## TASK REQUIREMENTS
Make a verbatim copy of the entries below; pictures stay out.

## SUPPLIED RECORDS
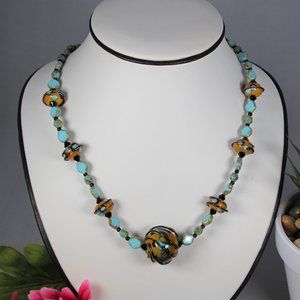 Unique blown glass Necklace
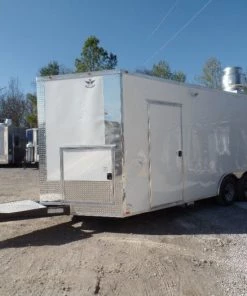 8.5' x 20' White Concession Food Trailer With Appliances -Cheap Concession Trailers Shop sam 9463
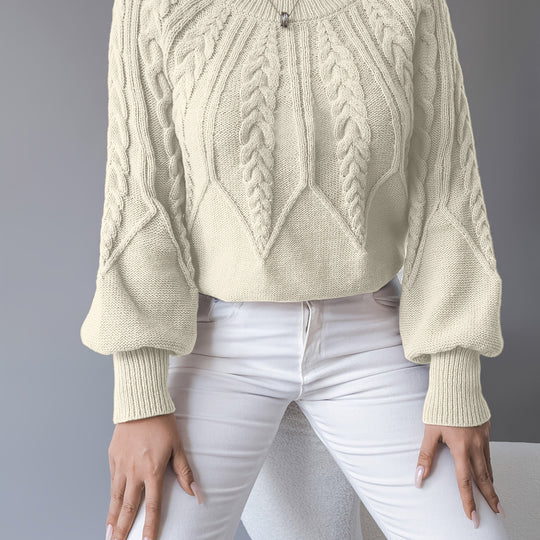 Louise - Elegante Oversized Kabel Trui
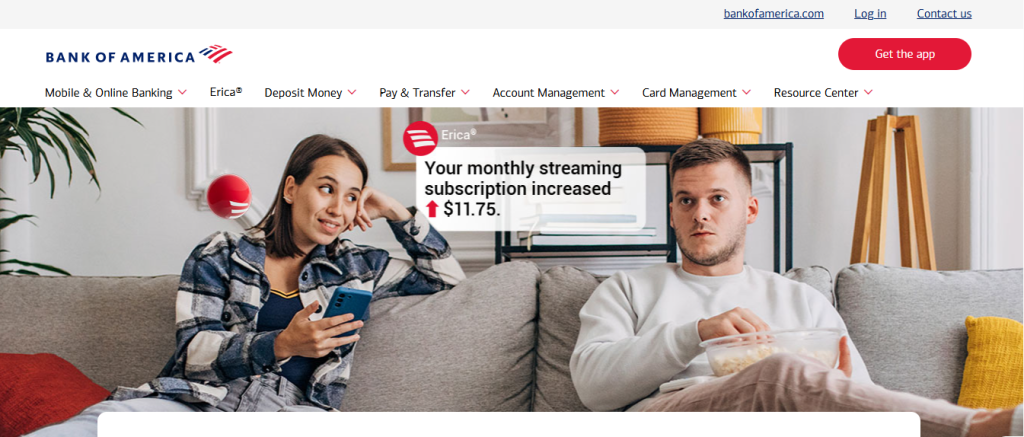 Bank of America – Erica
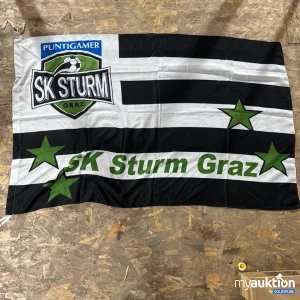 Auktion SK Sturm Flagge mit grünen Sternen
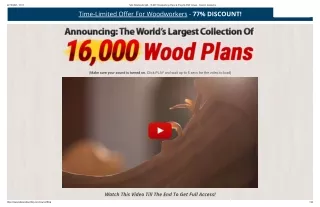 Tedswoodworking - Highest Converting Woodworking Site On The Internet!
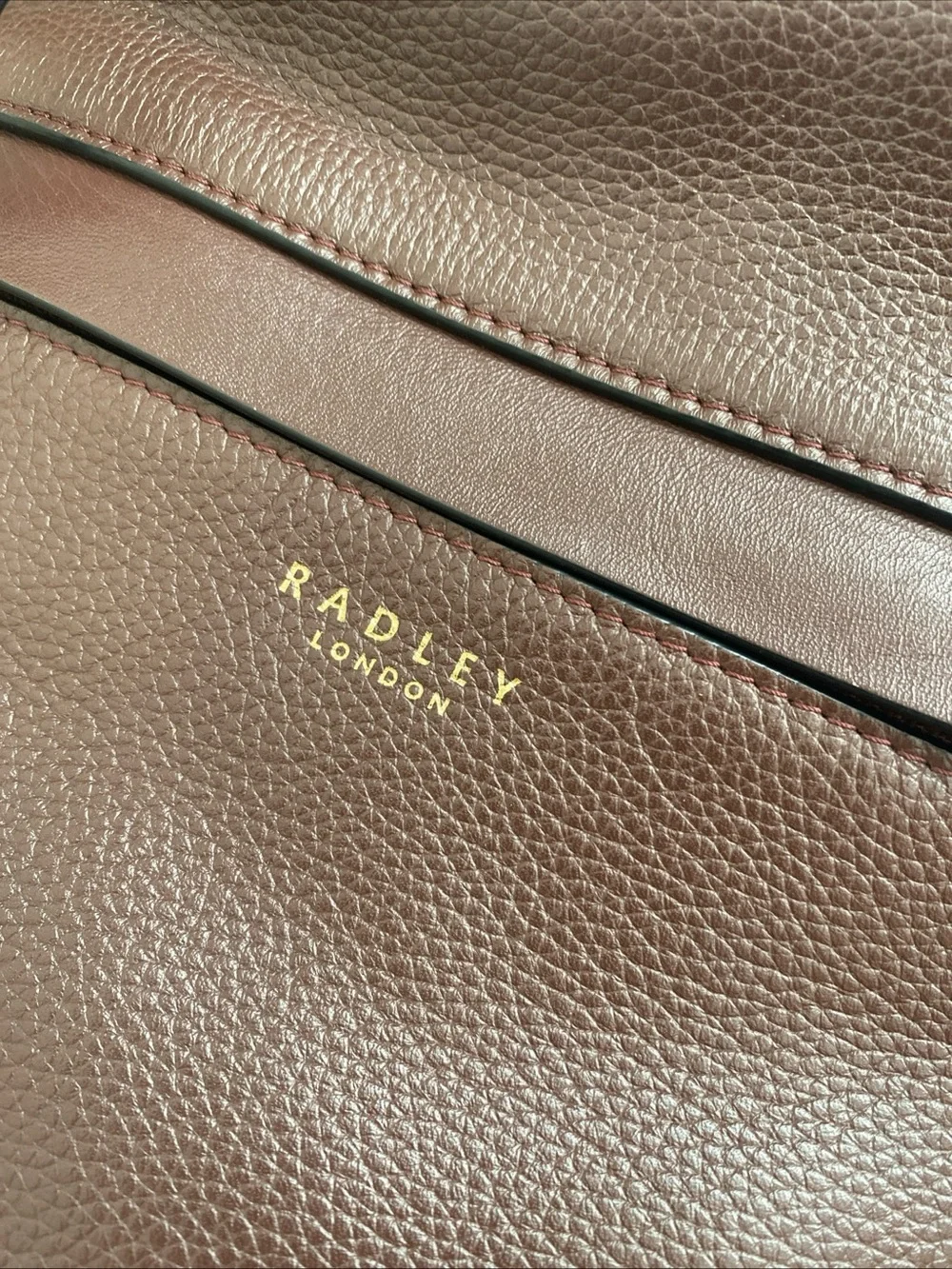 Radley London Postman Mews Medium Leather Shoulder Bag - Rich Brown Hobo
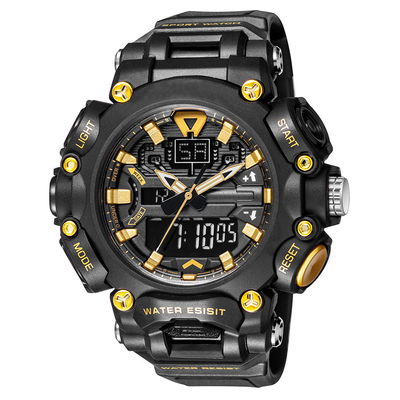 Orologio sportivo acrilico di Digital dello specchio 50 metri di orologio impermeabile del cronografo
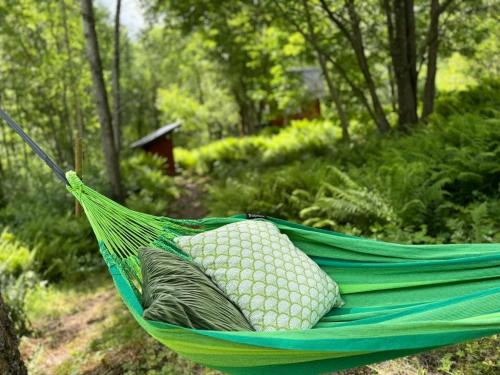 Zahrada ubytování Small Cabin With Outdoor Kitchen By Forest Stream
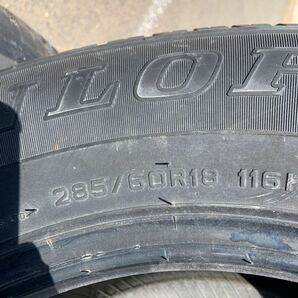 DUNLOP GRANDTREK DUNLOP AT23 285/60r18 イボ有り ほぼ新車外し 4本セット ダンロップ の画像2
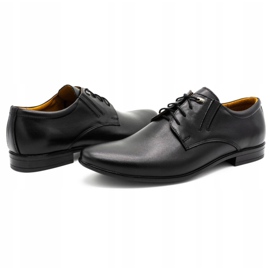 Black male leather shoes 5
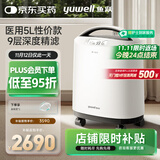鱼跃医用分子筛制氧机5升L吸氧机家用老人医用级孕妇呼吸雾化8F-5CW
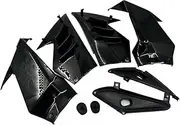 Cowls Board Fit For Honda CBR650R Cbr650r 2018-2023 Motorcycle Front Light Cowl Side Winglet Wind Fin Spoiler Trim Cover Motorcycle Mudguard(Bright Black)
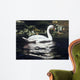 Mute Swan and Lily Wall Decal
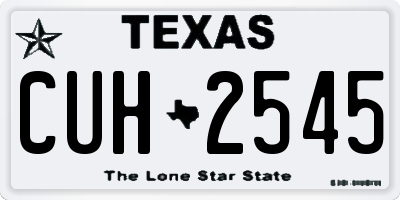 TX license plate CUH2545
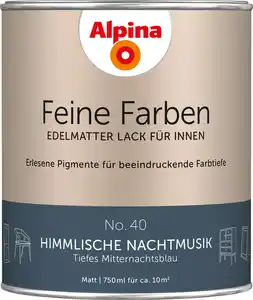 Alpina Feine Farben Lack No. 40 Himmlische Nachtmusik - mitternachtsblau 750 ml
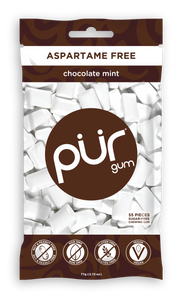 PUR Sugar-Free Gum Chocolate Mint Bag, 55pc
 | Pack of 12
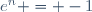 e^n = -1\,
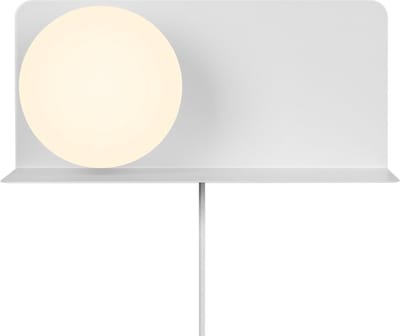 Nordlux Lilibeth-wandlamp-E14-opaal glas-wit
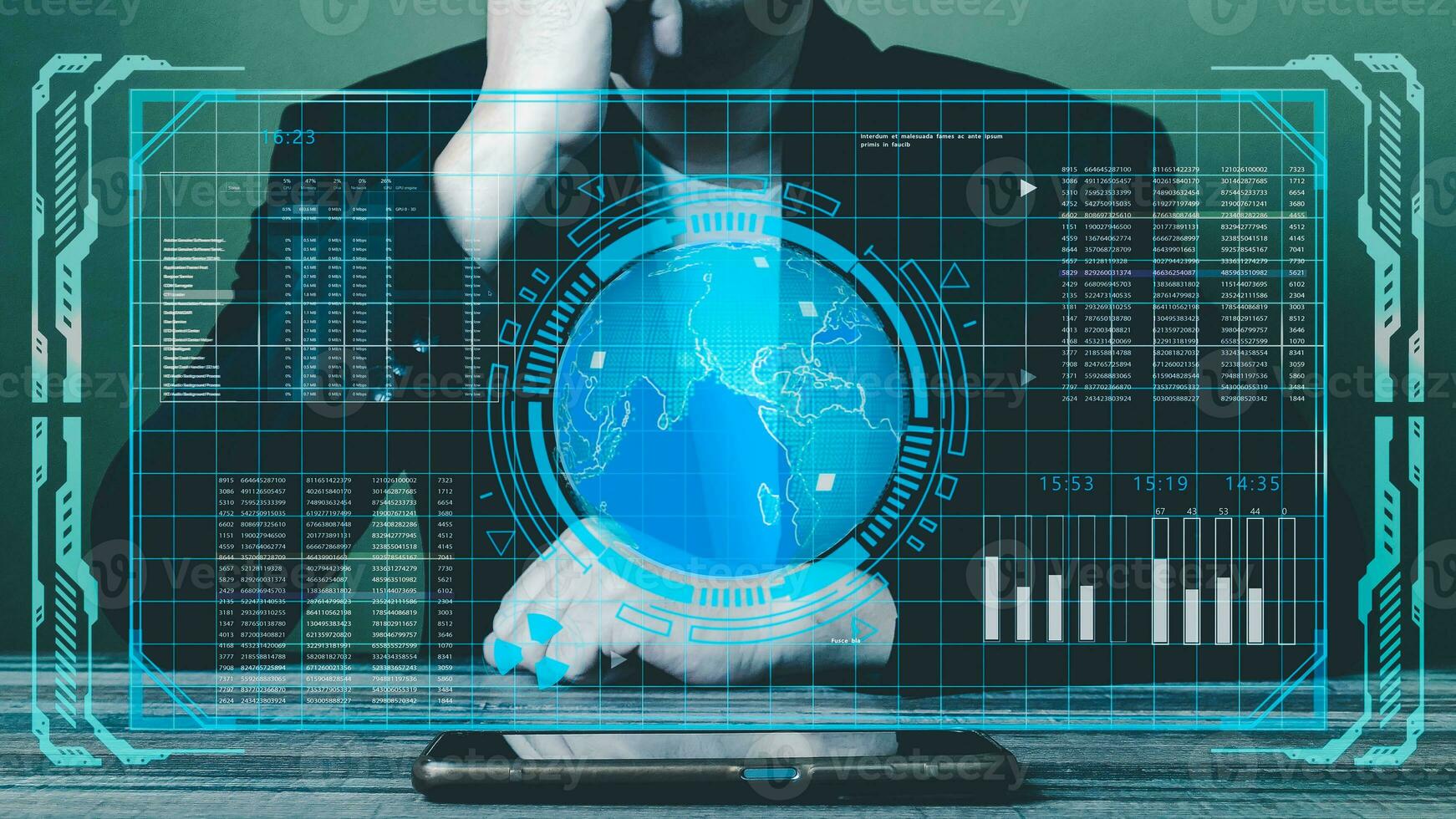 Cutting-edge tech AI, data access, 5G drives business success, growth, and innovation, attracting diverse markets and enhancing services for added value and customer satisfaction. photo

## WRITTEN ANSWER
 Unique blown glass Necklace
 8.5' x 20' White Concession Food Trailer With Appliances -Cheap Concession Trailers Shop sam 9463
 Louise - Elegante Oversized Kabel Trui
 Bank of America – Erica
 Auktion SK Sturm Flagge mit grünen Sternen
 Tedswoodworking - Highest Converting Woodworking Site On The Internet!
 Radley London Postman Mews Medium Leather Shoulder Bag - Rich Brown Hobo
 Orologio sportivo acrilico di Digital dello specchio 50 metri di orologio impermeabile del cronografo
 Zahrada ubytování Small Cabin With Outdoor Kitchen By Forest Stream
 DUNLOP GRANDTREK DUNLOP AT23 285/60r18 イボ有り ほぼ新車外し 4本セット ダンロップ の画像2
 Black male leather shoes 5
鱼跃医用分子筛制氧机5升L吸氧机家用老人医用级孕妇呼吸雾化8F-5CW
 Cowls Board Fit For Honda CBR650R Cbr650r 2018-2023 Motorcycle Front Light Cowl Side Winglet Wind Fin Spoiler Trim Cover Motorcycle Mudguard(Bright Black)
 Mute Swan and Lily Wall Decal
 TX license plate CUH2545
 Alpina Feine Farben Lack No. 40 Himmlische Nachtmusik - mitternachtsblau 750 ml
 PUR Sugar-Free Gum Chocolate Mint Bag, 55pc
 | Pack of 12
 e^n = -1\,
 Nordlux Lilibeth-wandlamp-E14-opaal glas-wit
 Cutting-edge tech AI, data access, 5G drives business success, growth, and innovation, attracting diverse markets and enhancing services for added value and customer satisfaction. photo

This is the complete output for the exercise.